TASK BRIEF> Leave the pictures out. Retype exactly the lines below from the one containing "iPhoneX ケース iPhoneXS" through the one containing "LEINWANDBILD Löwenzahn - Beige", and no others.

RECORDS FOR THE TASK>

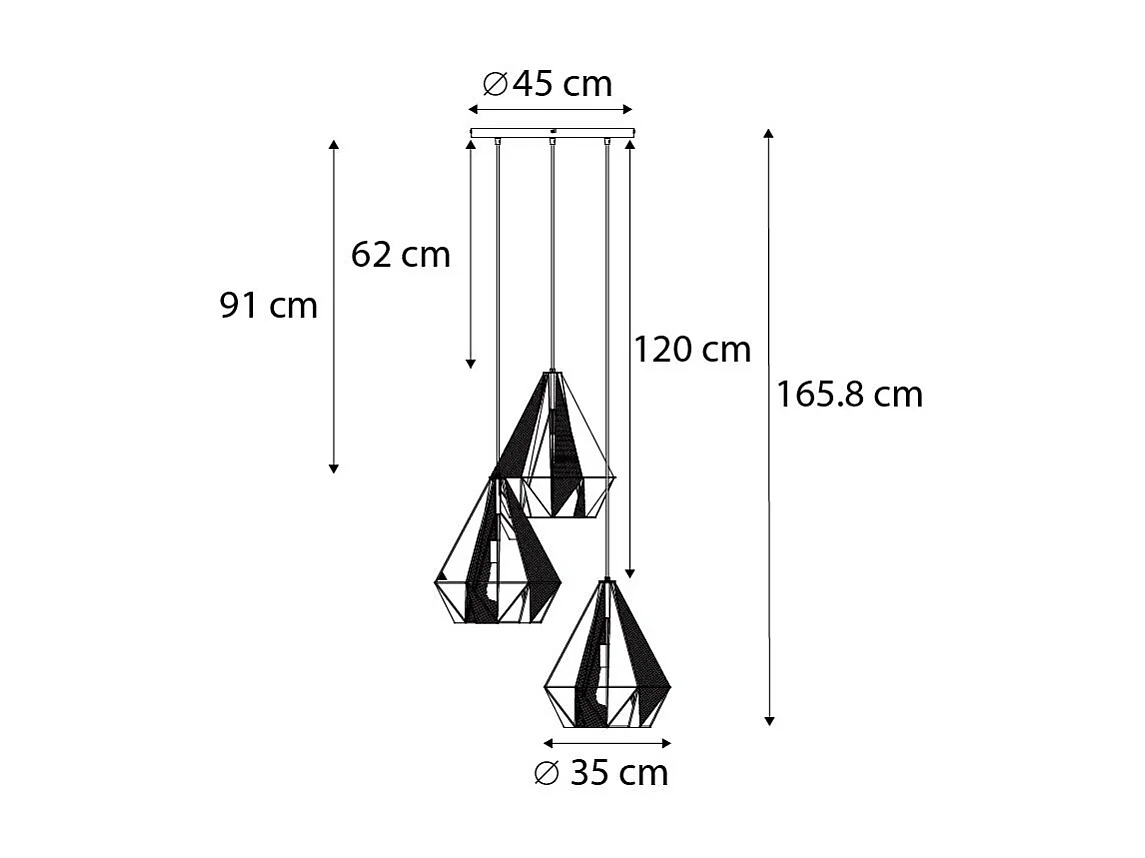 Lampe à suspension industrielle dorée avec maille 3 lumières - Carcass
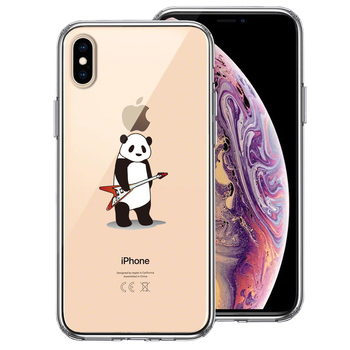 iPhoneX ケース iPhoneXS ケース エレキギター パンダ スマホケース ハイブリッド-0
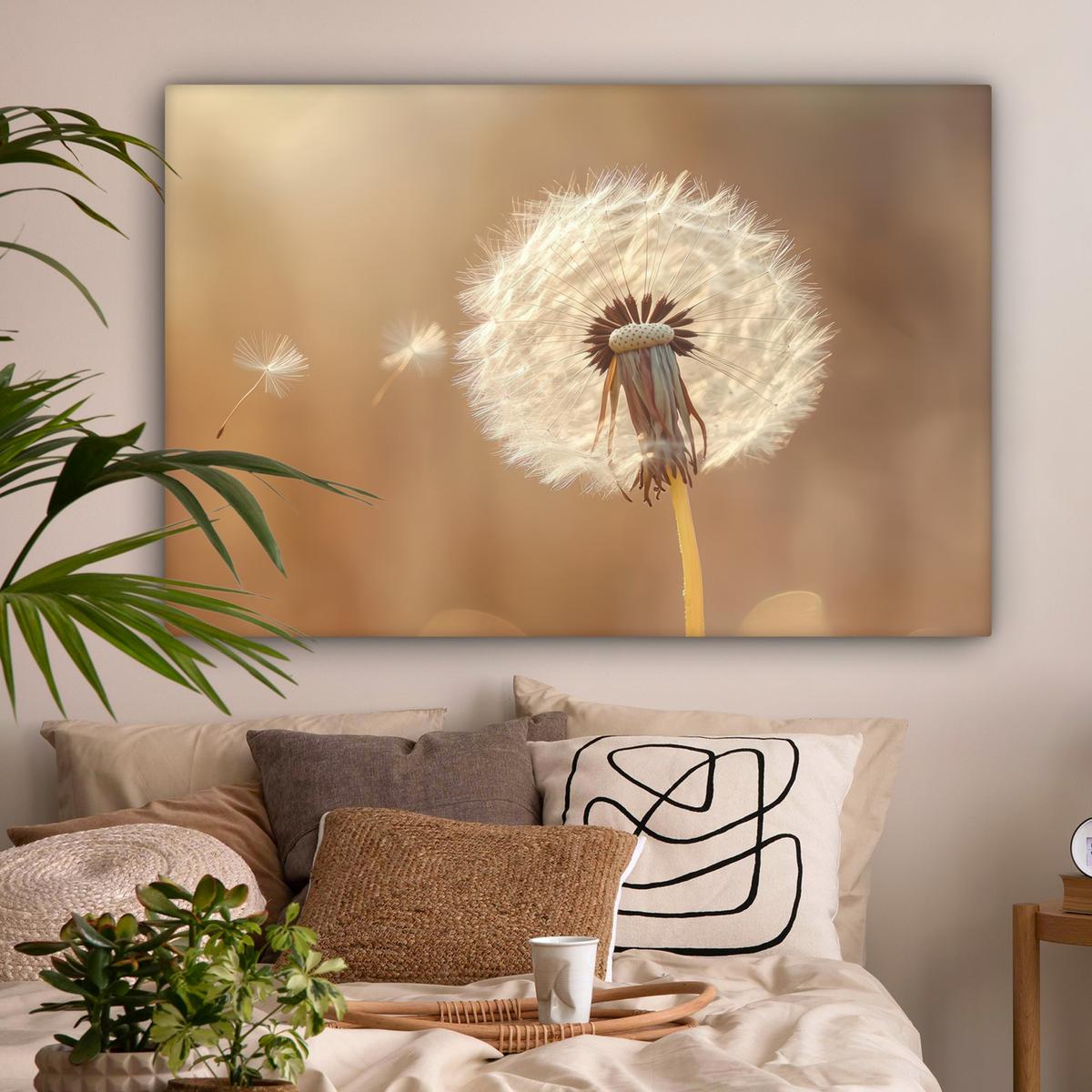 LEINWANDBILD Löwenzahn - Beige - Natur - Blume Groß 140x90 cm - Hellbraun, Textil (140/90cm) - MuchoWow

...

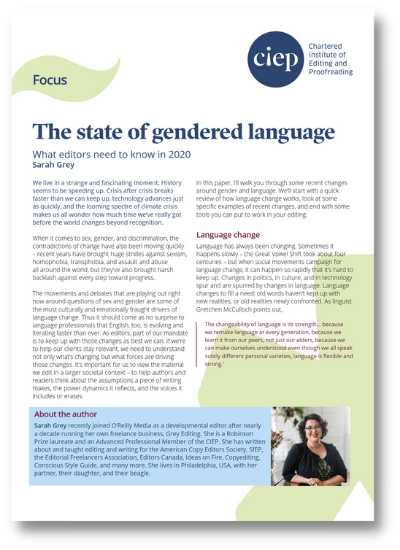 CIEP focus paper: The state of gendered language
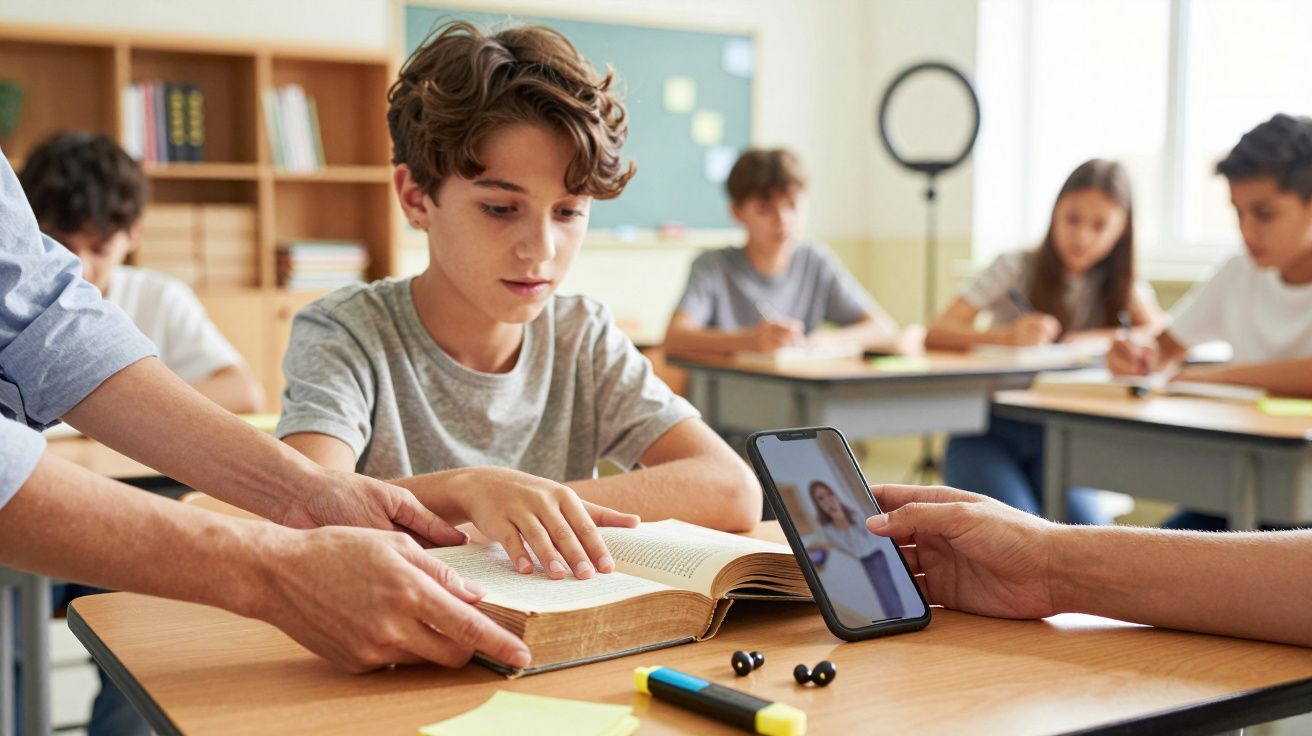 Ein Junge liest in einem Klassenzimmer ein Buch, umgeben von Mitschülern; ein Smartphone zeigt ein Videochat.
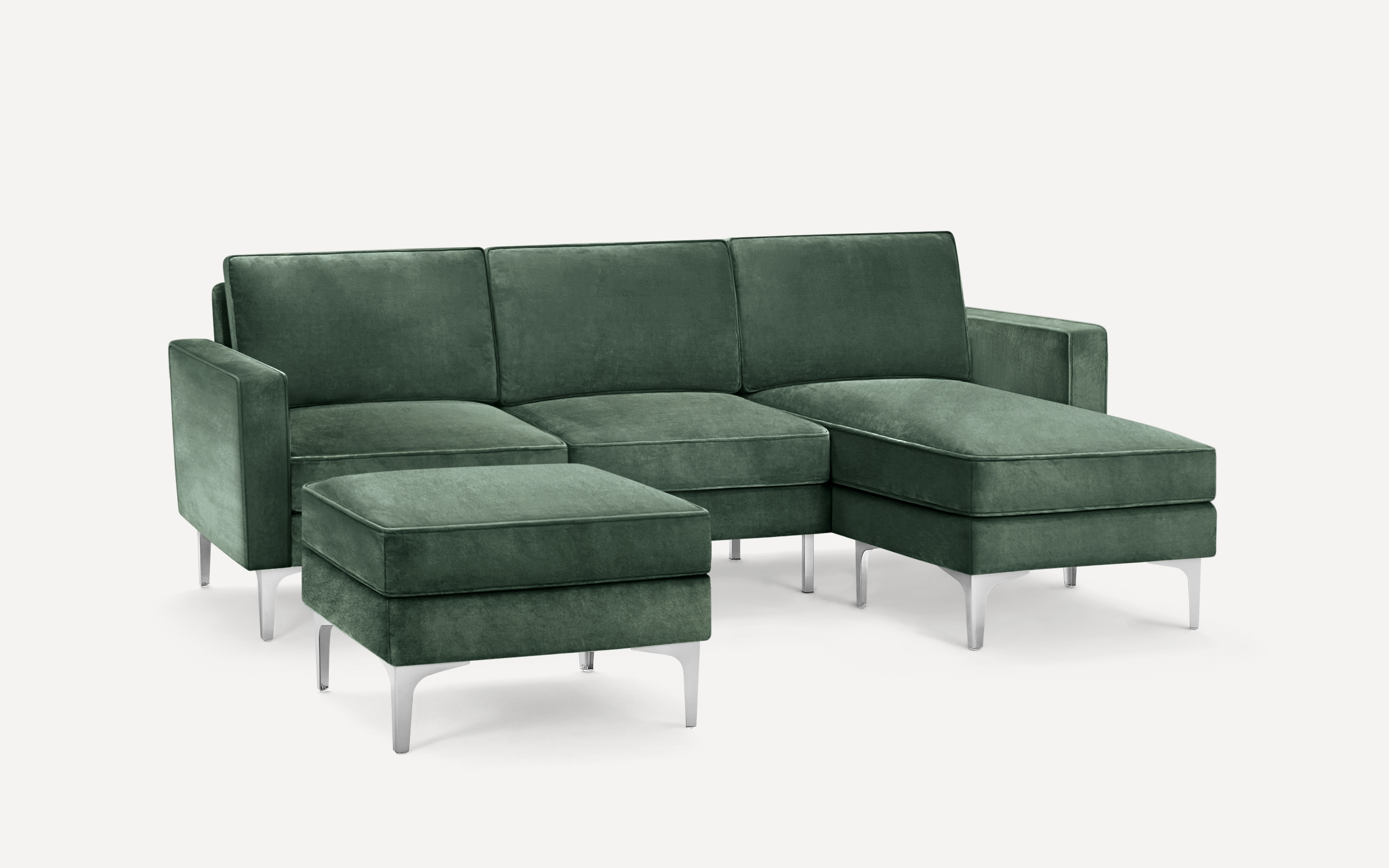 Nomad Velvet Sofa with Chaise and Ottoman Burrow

THE COMPLETED TASK>
 iPhoneX ケース iPhoneXS ケース エレキギター パンダ スマホケース ハイブリッド-0
 LEINWANDBILD Löwenzahn - Beige - Natur - Blume Groß 140x90 cm - Hellbraun, Textil (140/90cm) - MuchoWow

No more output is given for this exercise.